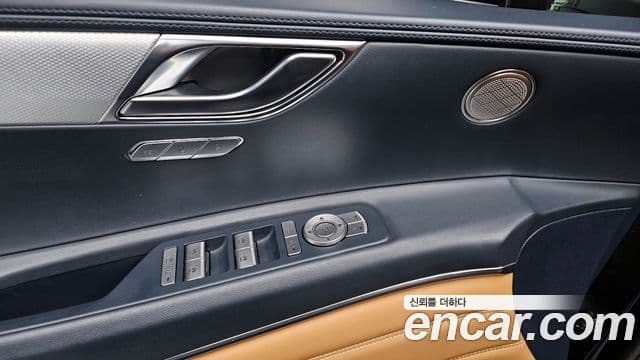 Genesis GV80 2021 — ფოტო 14/20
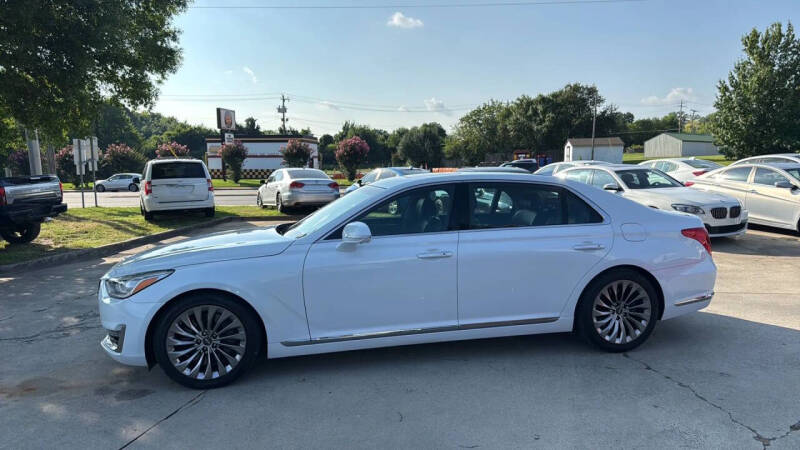 2017 Genesis G90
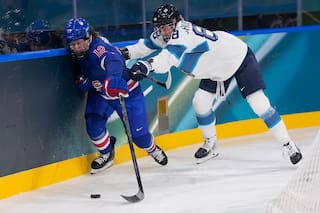 Finlandia se recupera de virus estomacal para enfrentar a EEUU en hockey femenino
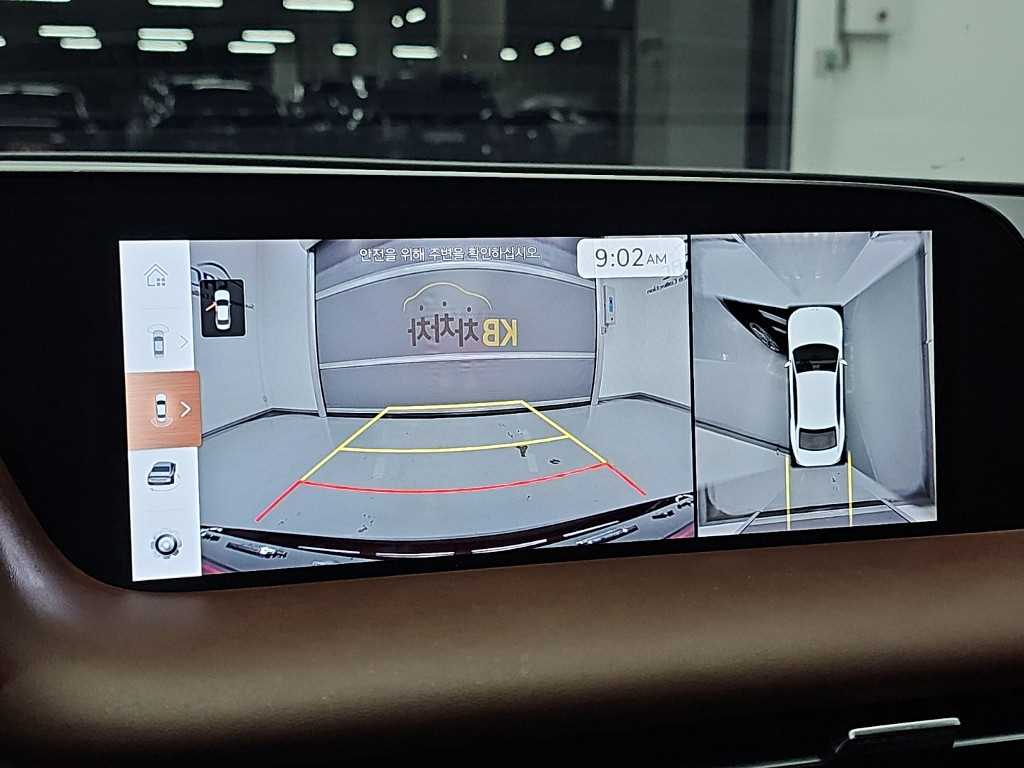 Genesis G90 — photo 16
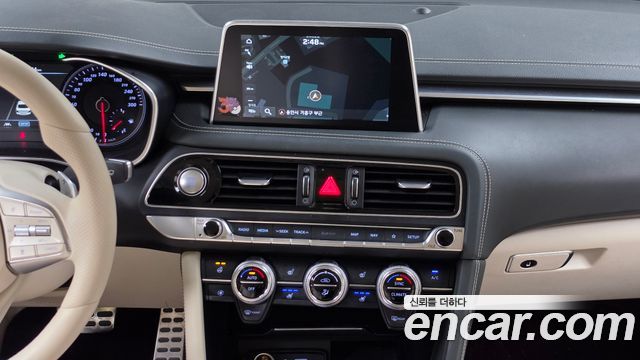 Genesis G70 2020 — photo 21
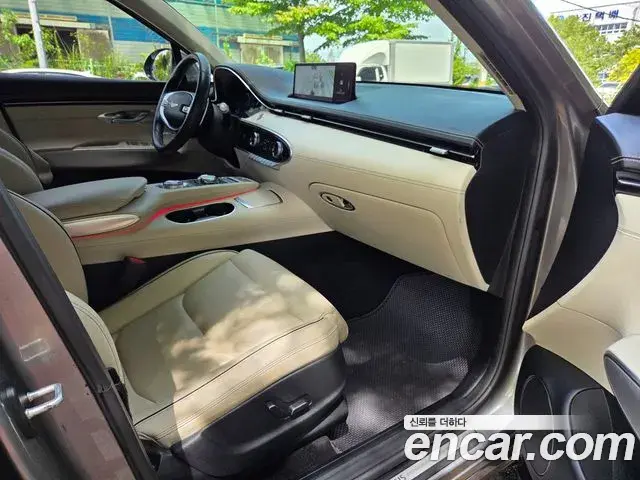 Genesis GV70 2021 — ფოტო 14/20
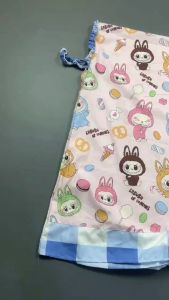 Mukena Anak Motif Labubu Usia 3-10 Tahun - Fashion Muslim Perempuan Atasan Bawahan Dan Tas Kekinian Viral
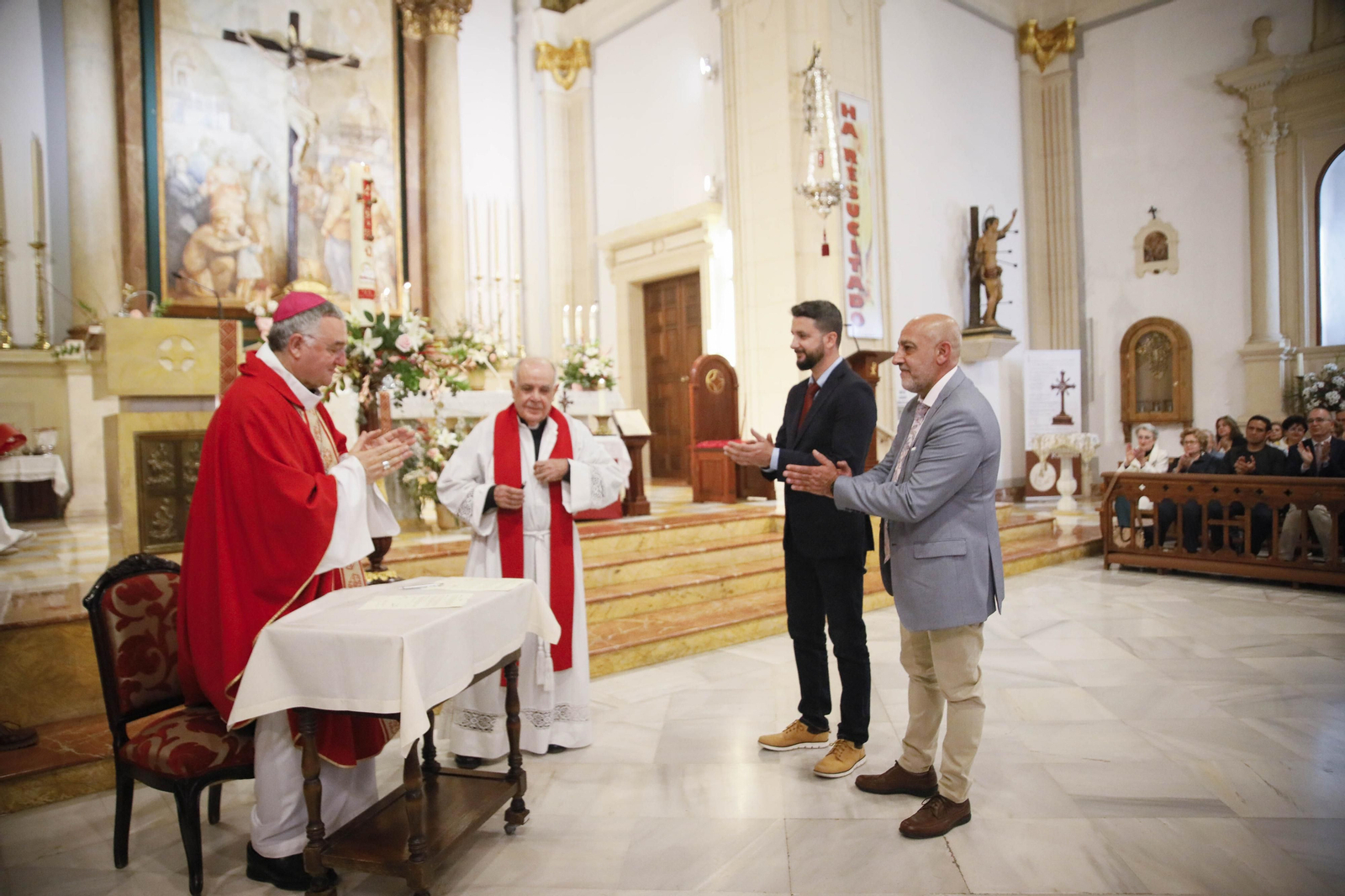 Así fue el Lignum Crucis en la Iglesia San Sebastián, en imágenes
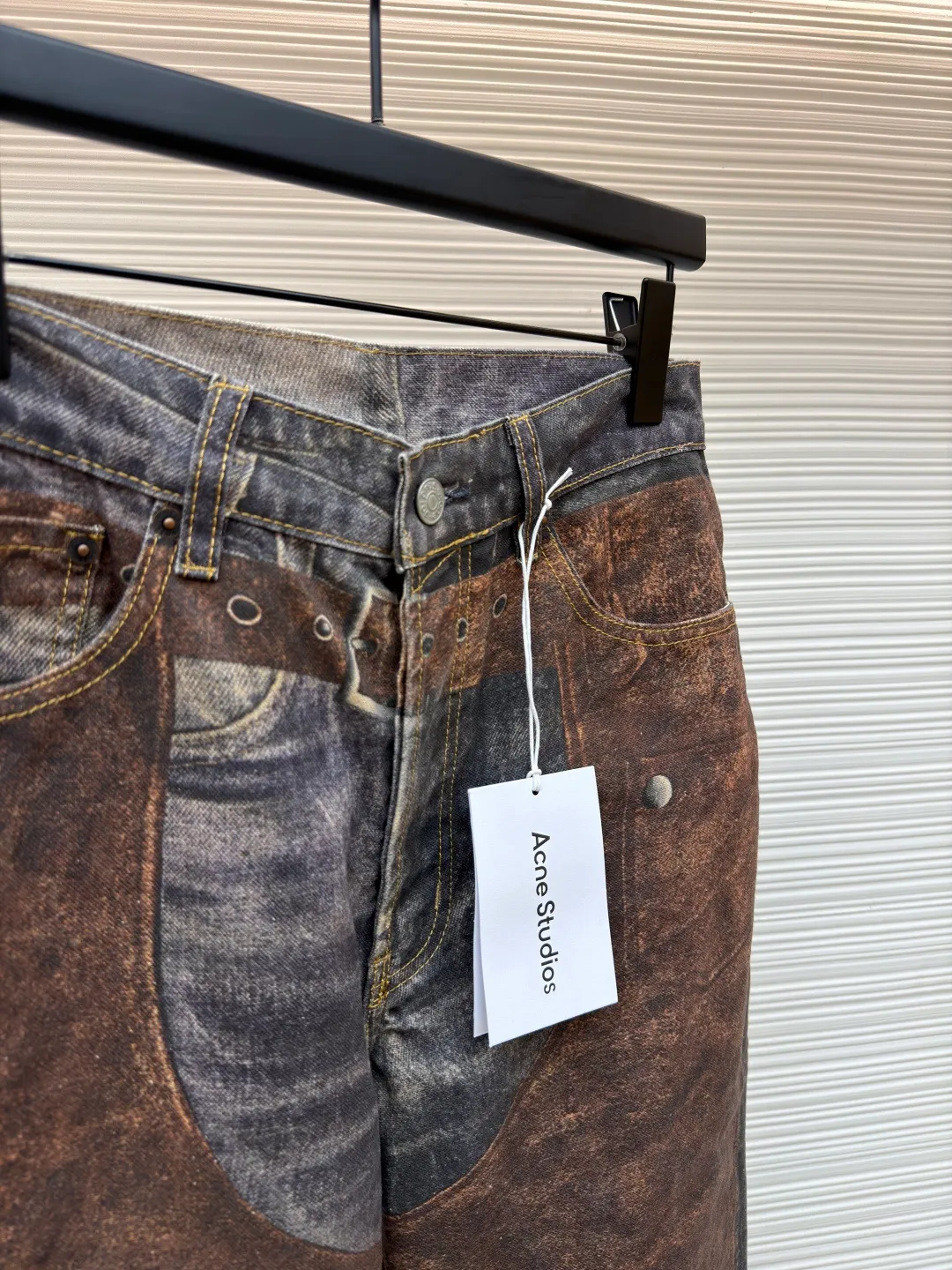 Acne Studios 3D trompe l'oeil retro printed jeans ●Original version: Purchased and developed by 4309 ●Item number: 1681025-A80 ●Material: denim fabric ●Technology: distressed print production ●Version: loose fit ●Weight: about 650 grams ●Size: 42-44-46-48-50-52 ●Description: This pair of jeans uses a seasonal "deception" shorts print, made of canvas, with a polished surface and a soft touch. Cut to a regular fit, they have a medium waist and wide, straight legs that flare slightly from the knee. The trompe l'oeil print of distressed denim and retro leather is the core, seamlessly blending the textures and colors of the two materials. The metal buckle on the front adds a cool layer, the zipper and rivet design on the trouser legs hide punk genes, and the lace-up element on the back waist injects a touch of retro romance into the whole. Wear jeans into an artistic piece that can be either salty or sweet. The overall wiring is straight and delicate, the fabric is comfortable and soft, and the color is consistent without color difference. It can be matched with the same style to create a fashionable look and control various occasions. Customized accessories, complete with three standards, same style for men and women!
+++++
> [WORK TO BE COMPLETED]:
Your copy of the data should match it exactly, apart from the images, which are omitted.

> [RESPONSE BELOW]:
 Genesis GV80 2021 — ფოტო 14/20
 2017 Genesis G90
 Finlandia se recupera de virus estomacal para enfrentar a EEUU en hockey femenino
 Genesis G90 — photo 16
 Genesis G70 2020 — photo 21
 Genesis GV70 2021 — ფოტო 14/20
 Mukena Anak Motif Labubu Usia 3-10 Tahun - Fashion Muslim Perempuan Atasan Bawahan Dan Tas Kekinian Viral
 Así fue el Lignum Crucis en la Iglesia San Sebastián, en imágenes
 Acne Studios 3D trompe l'oeil retro printed jeans ●Original version: Purchased and developed by 4309 ●Item number: 1681025-A80 ●Material: denim fabric ●Technology: distressed print production ●Version: loose fit ●Weight: about 650 grams ●Size: 42-44-46-48-50-52 ●Description: This pair of jeans uses a seasonal "deception" shorts print, made of canvas, with a polished surface and a soft touch. Cut to a regular fit, they have a medium waist and wide, straight legs that flare slightly from the knee. The trompe l'oeil print of distressed denim and retro leather is the core, seamlessly blending the textures and colors of the two materials. The metal buckle on the front adds a cool layer, the zipper and rivet design on the trouser legs hide punk genes, and the lace-up element on the back waist injects a touch of retro romance into the whole. Wear jeans into an artistic piece that can be either salty or sweet. The overall wiring is straight and delicate, the fabric is comfortable and soft, and the color is consistent without color difference. It can be matched with the same style to create a fashionable look and control various occasions. Customized accessories, complete with three standards, same style for men and women!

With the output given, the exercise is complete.